Israel also said today it had killed Gholamreza Soleimani, head of the Basij paramilitary force of Iran's Revolutionary Guards, in a strike in Tehran.
And it said it had targeted Akram al-Ajouri, head of the military wing of the group Palestinian Islamic Jihad, in a strike in Iran, though he was not confirmed dead.
Israel has since the October 7, 2023 attacks by Hamas pursued what analysts have described as a policy of decapitation, targeting the leaders of its enemies.
The whereabouts of Iran's new supreme leader is the subject of much speculation. US President Donald Trump said on Monday that "we don't know ... if he's dead or not".
Trump appeals
Iran has retaliated by targeting US interests, energy facilities and civilian infrastructure of its energy-rich neighbours, and all but closed the Strait of Hormuz through which a fifth of global crude oil passes.
Oil prices surged today after several countries pushed back on Trump's demand they help secure the strait by sending warships to escort tankers.
After warning that it would be "very bad" for the future of the NATO military alliance if countries refused to help, Trump said the US no longer needed assistance in reopening the strait.
"Because of the fact that we have had such military success, we no longer 'need,' or desire, the NATO countries' assistance — we never did! Likewise, Japan, Australia, or South Korea," Trump posted on his Truth Social network, adding: "We do not need the help of anyone!"
His comments came moments after President Emmanuel Macron said France was ready to help once the situation was calmer but stressed his country was "not a party to the conflict".
German Chancellor Friedrich Merz also said on Monday the war was "not a matter for NATO", while EU foreign ministers meeting in Brussels indicated no appetite to join the conflict.
Some countries have negotiated safe passage for some of their ships, including India, while Iraq said it was in contact with Iran over the issue.
A top US counterterrorism official resigned today to protest the war, saying Iran posed no imminent threat to the US.
Asking for shelter
The war has also drawn in Lebanon, after Hezbollah struck Israel over Khamenei's killing.

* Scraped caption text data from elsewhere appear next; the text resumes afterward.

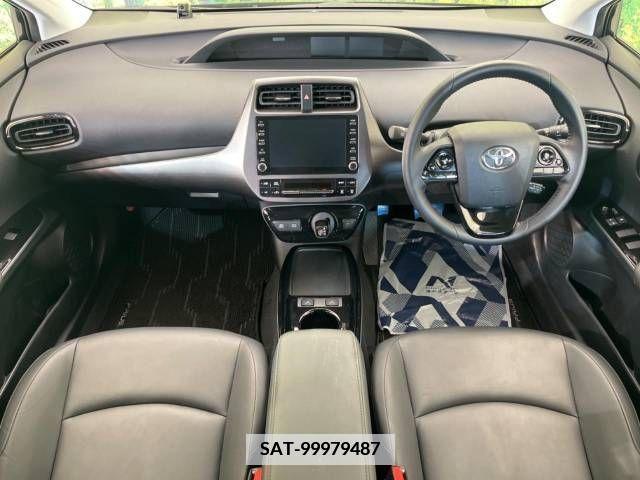 Toyota PRIUS 2021-11 366410-1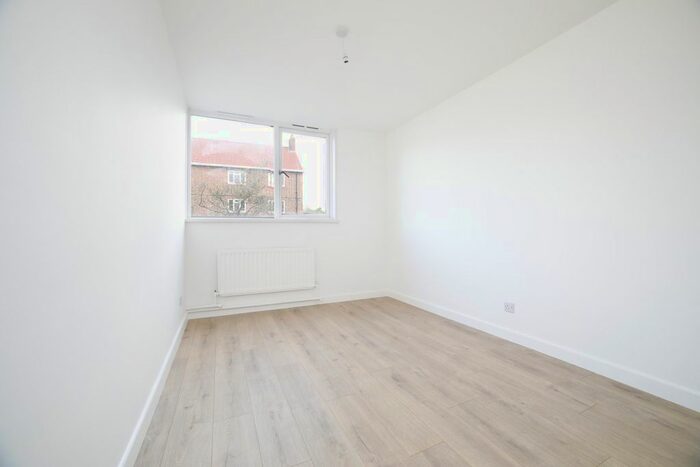 3 Bedroom Flat To Rent In Cheltenham Road, London, SE15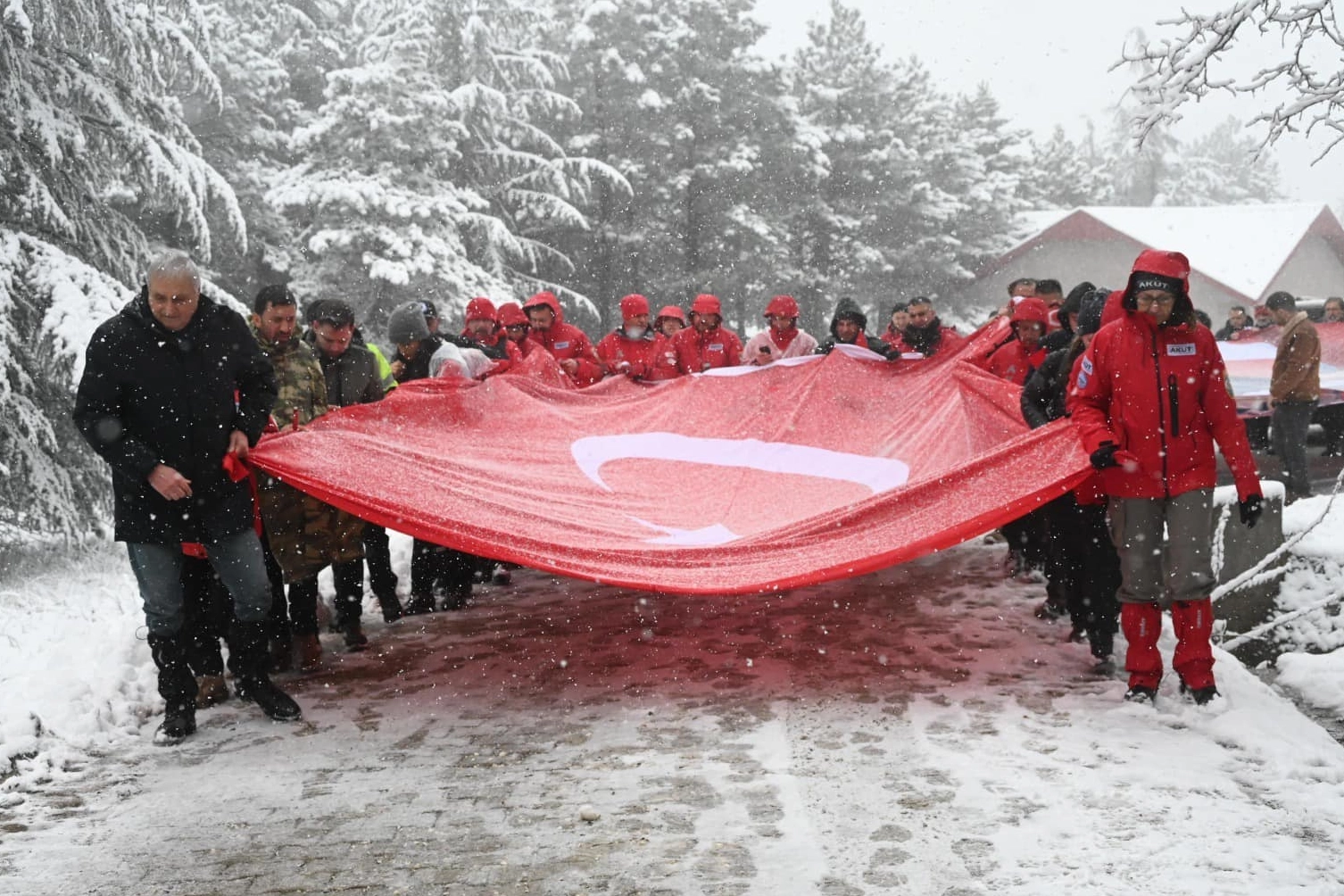 Metristepe’de kar altında tarihe yürüyüş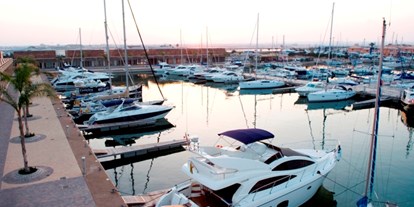 Yachthafen - Frischwasseranschluss - Costa Cálida - (c) http://www.marinadelassalinas.es/ - Marina de las Salinas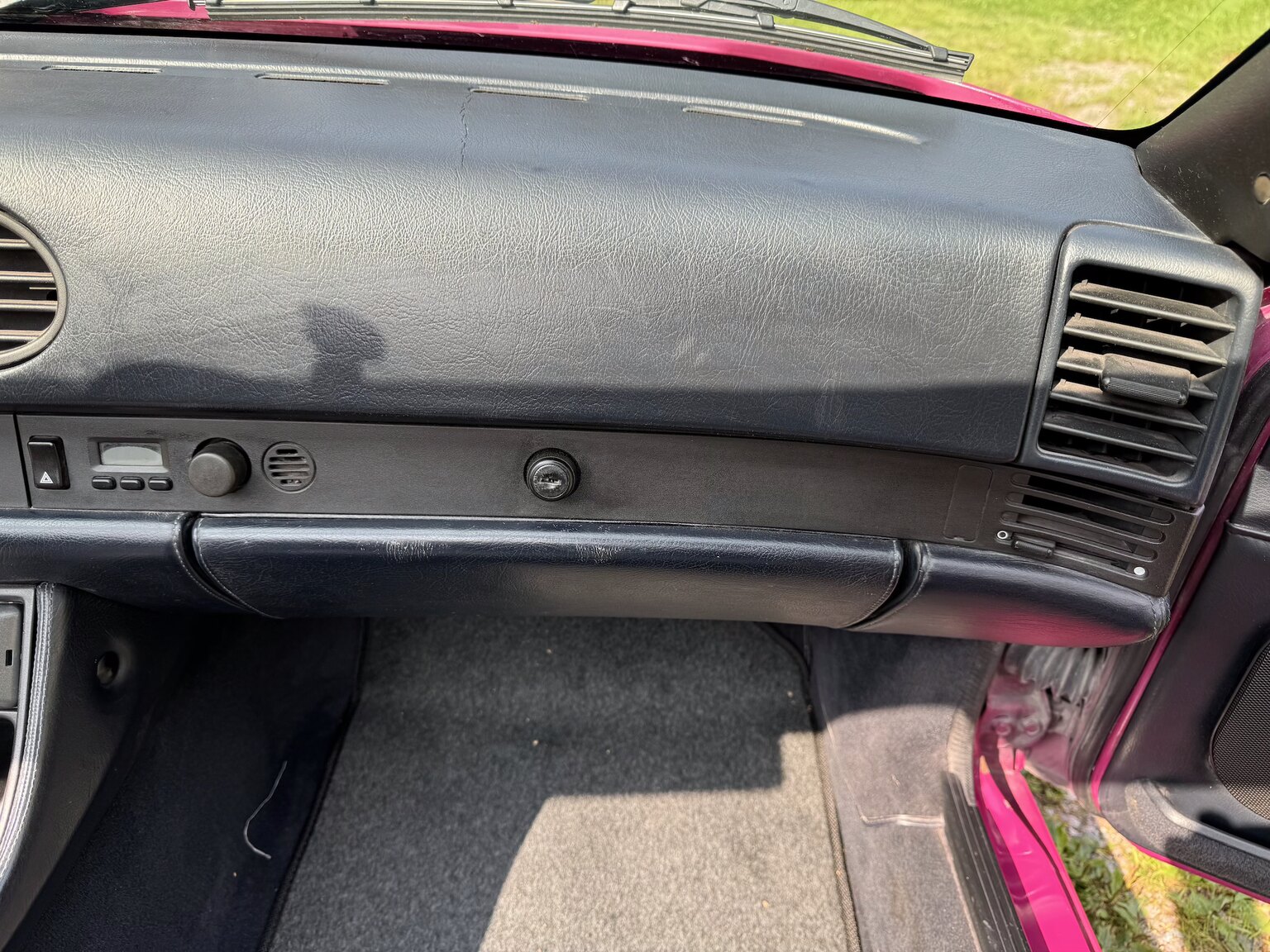 Interior image of 1990 Porsche 944 S2 Convertible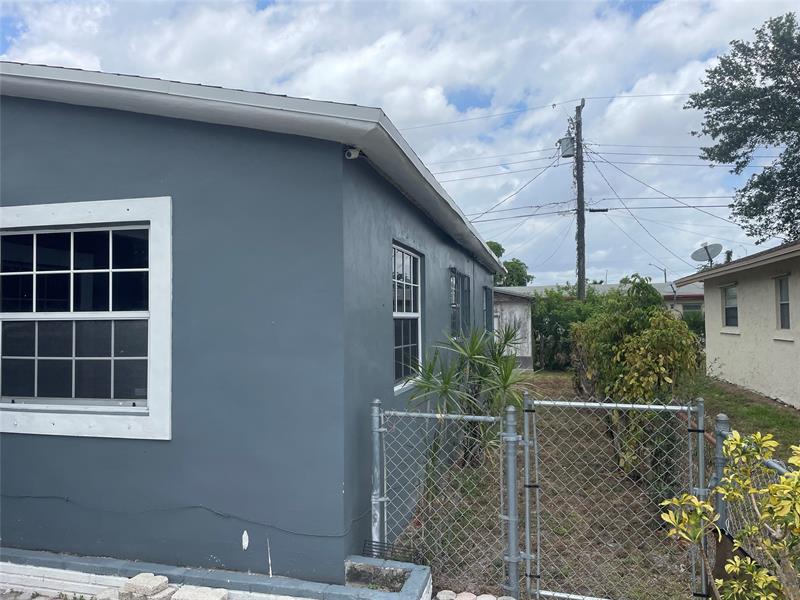 Image 15 of 15 For 2215 9th Ct  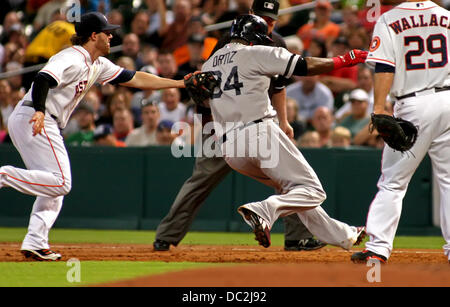 Houston, Texas, USA. 7. August 2013. 7. August 2013: Boston Red Sox Designated Hitter David Ortiz #34 ist, von hinten durch die Houston Astros Infielder Jake Elmore #10 während der MLB Baseball-Spiel zwischen den Houston Astros und den Boston Red Sox von Minute Maid Park in Houston, Texas markiert. Bildnachweis: Csm/Alamy Live-Nachrichten Stockfoto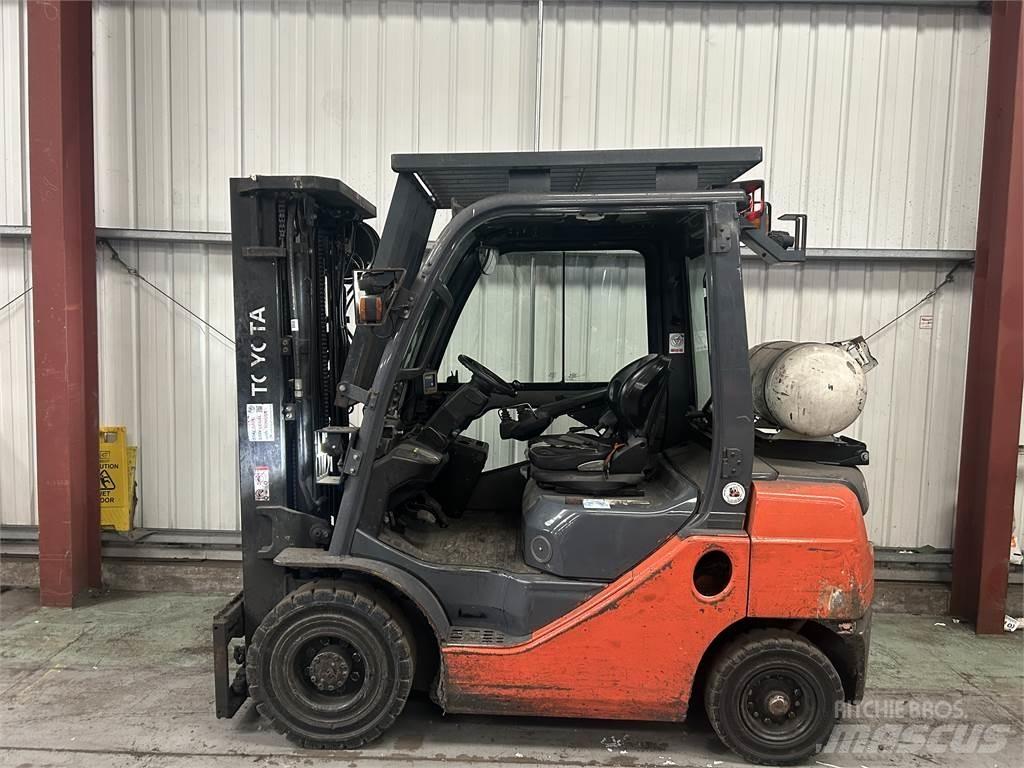 Toyota 02-8FGF25 Gaasitõstukid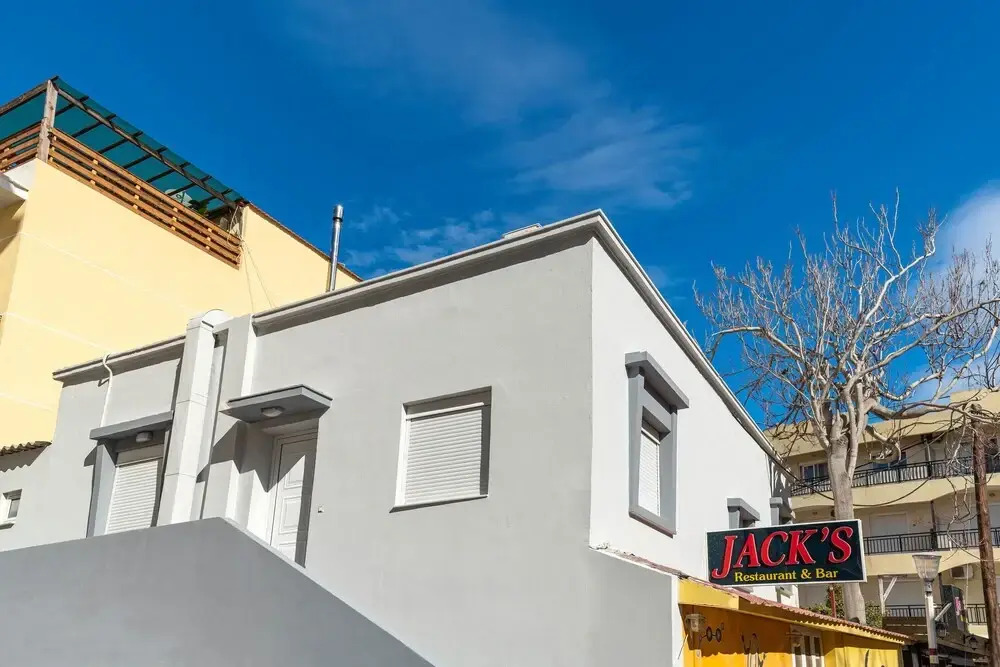 Four Season Apartment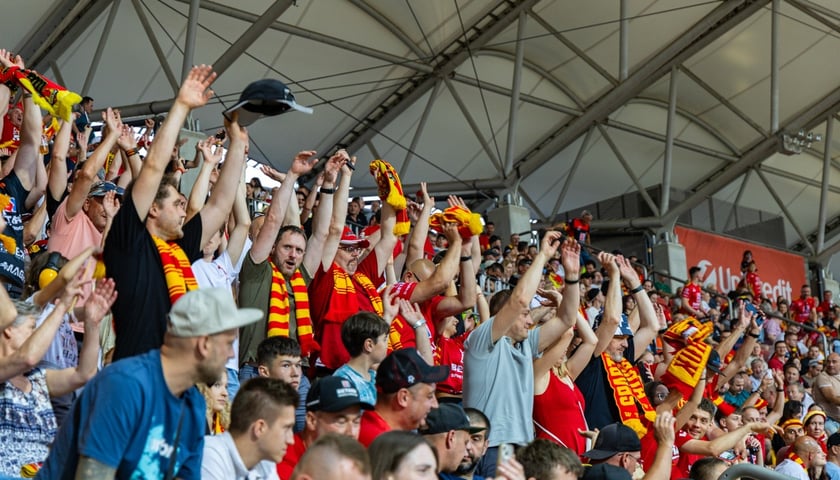 Kibice Betard Sparty świetnie bawią się na meczach swojego zespołu na Stadionie Olimpijskim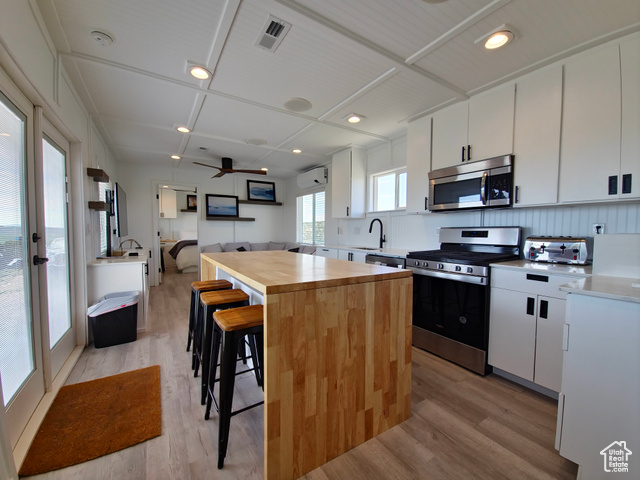 Photo 8 for MLS #2094279 at 900 Altamont Rd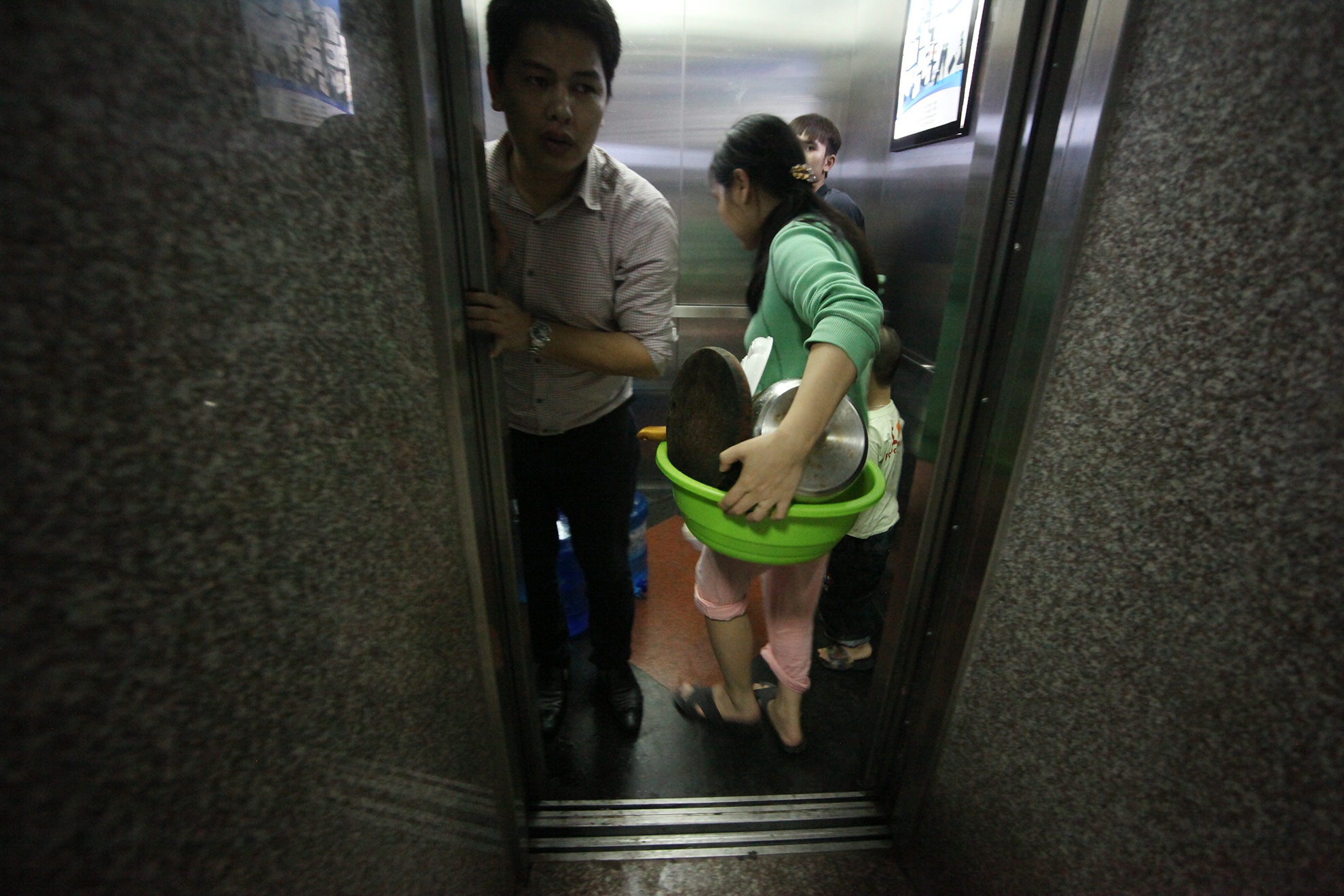 Vo duong ong, dan Ha Noi thuc dem xin nuoc hinh anh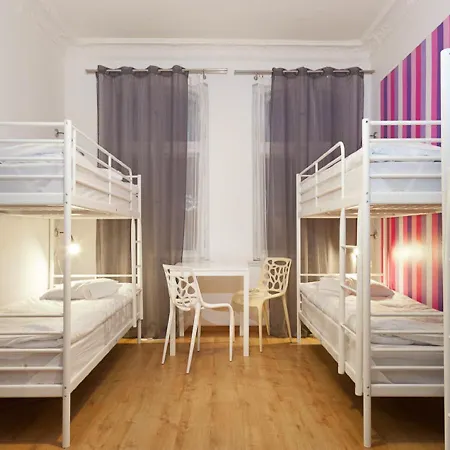 Blooms Boutique Hostel By Friendly Apartments Hostel Poznan
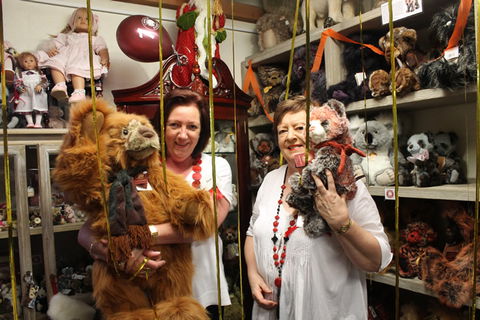 Campbells Store Craft Centre - Attractions 10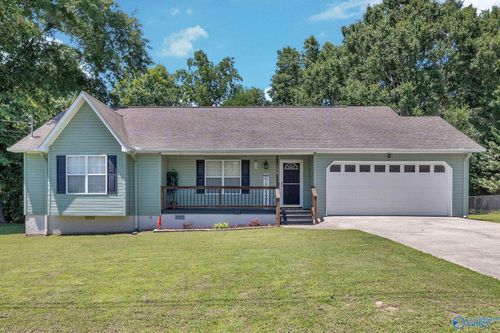 130 Childmark Dr, Albertville, AL, 35950-4159 | Card Image
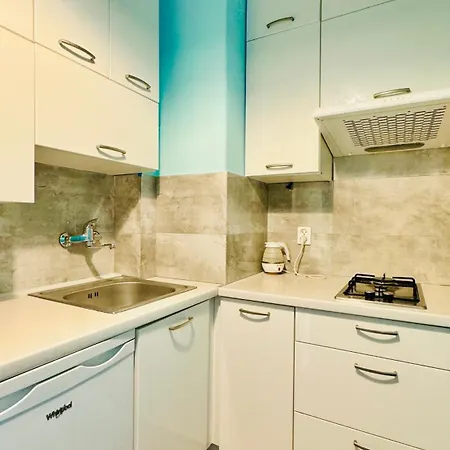 Five Colors Apartment *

Israel has stepped up strikes and deployed ground troops to its northern neighbour, including targeting Beirut's southern suburbs today, and later, conducting an air strike near the city's airport.
The Lebanese military said that three of its soldiers were killed in two Israeli air strikes in the country's south.
More than a million people have been displaced across Lebanon, while Israeli strikes have killed 886 people since March 2, Lebanon's health ministry says.
In the southern city of Sidon, far from the border, displaced people were sleeping in their cars parked along the seafront corniche, according to an AFP team on the ground.
"Lots of people are coming every day to ask for shelter but we don't have space anymore, we can't accept them," said Jihan Kaisi, the director of an NGO that runs a school-turned-shelter, where more than 1,100 people are crammed together.